Thanks PT, have never wore them before, all of Truthseekers questions apply to me also.


----------



## Plek Trum (21 Oct 2009)

It was www.bodyjewelleryshop.com   - I didnt wear them, got them for my sister but I have a set for Halloween.  Haven't tried them in yet, don't usually wear contacts so I can't comment on how comfortable they may be.  Have a an early halloween party this Saturday so will report back on Wednesday - hopefully all postitive!


----------



## truthseeker (21 Oct 2009)

Plek Trum said:


> It was www.bodyjewelleryshop.com - I didnt wear them, got them for my sister but I have a set for Halloween.
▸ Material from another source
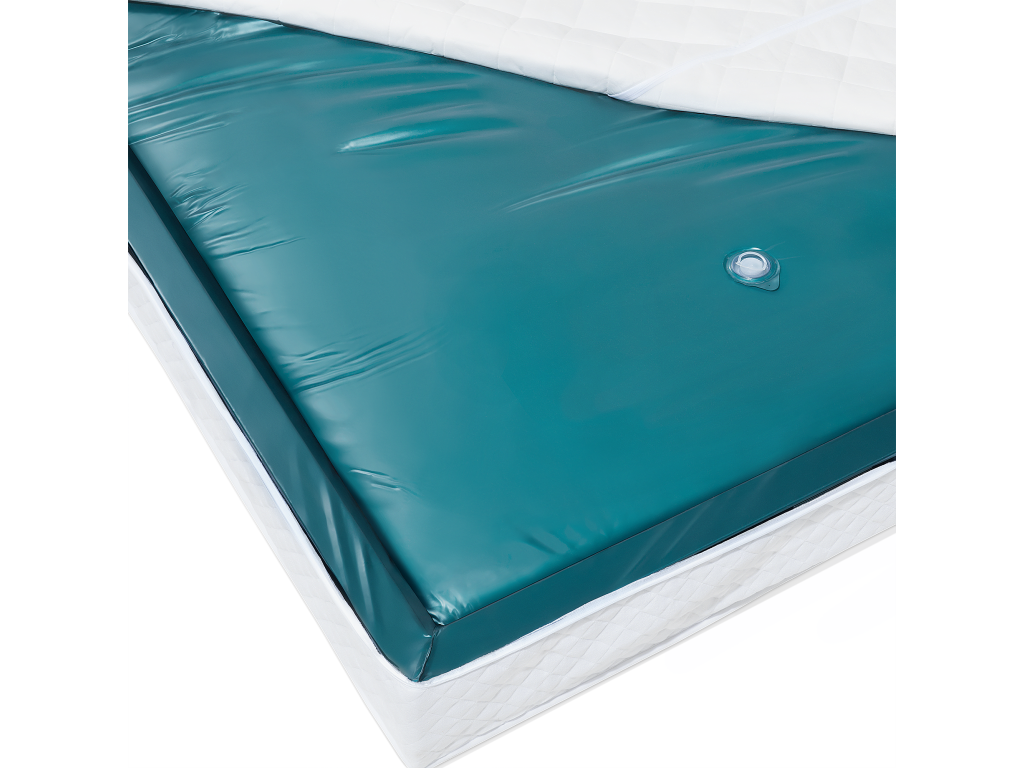 Laviecasa Water Mattress, Lightweight Stabilization, 160x200 cm, LFJD00315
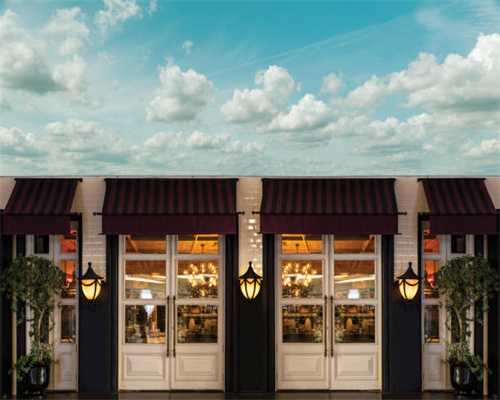 怀孕可以养猫嘛？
Haven't tried them in yet, don't usually wear contacts so I can't comment on how comfortable they may be. Have a an early halloween party this Saturday so will report back on Wednesday - hopefully all postitive!


 
We shall await your verdict on comfort with bated breath! Also will be wanting to hear of the reactions of other party goers to your different eyes!


----------



## Plek Trum (28 Oct 2009)

Great weekend, excellent party BUT I left out the lenses! Im not a contact lens wearer but got one in easy enough but I was 'aware' of it so took it out again as I knew it would preoccupy me for the night. Lenses were very soft and easy to use and went in fine once I got a hand on the technique, I just felt they weren't for me. Looked good though (if you count the one eye and ten minute test run!)


----------



## truthseeker (28 Oct 2009)

Plek Trum said:


> Great weekend, excellent party BUT I left out the lenses! Im not a contact lens wearer but got one in easy enough but I was 'aware' of it so took it out again as I knew it would preoccupy me for the night. Lenses were very soft and easy to use and went in fine once I got a hand on the technique, I just felt they weren't for me. Looked good though (if you count the one eye and ten minute test run!)


 
Thanks for the update Plek Trum - totally understand what you mean about being 'aware', thats what happened me when i tried before and the 'awareness' became irritation after an hour or so.


----------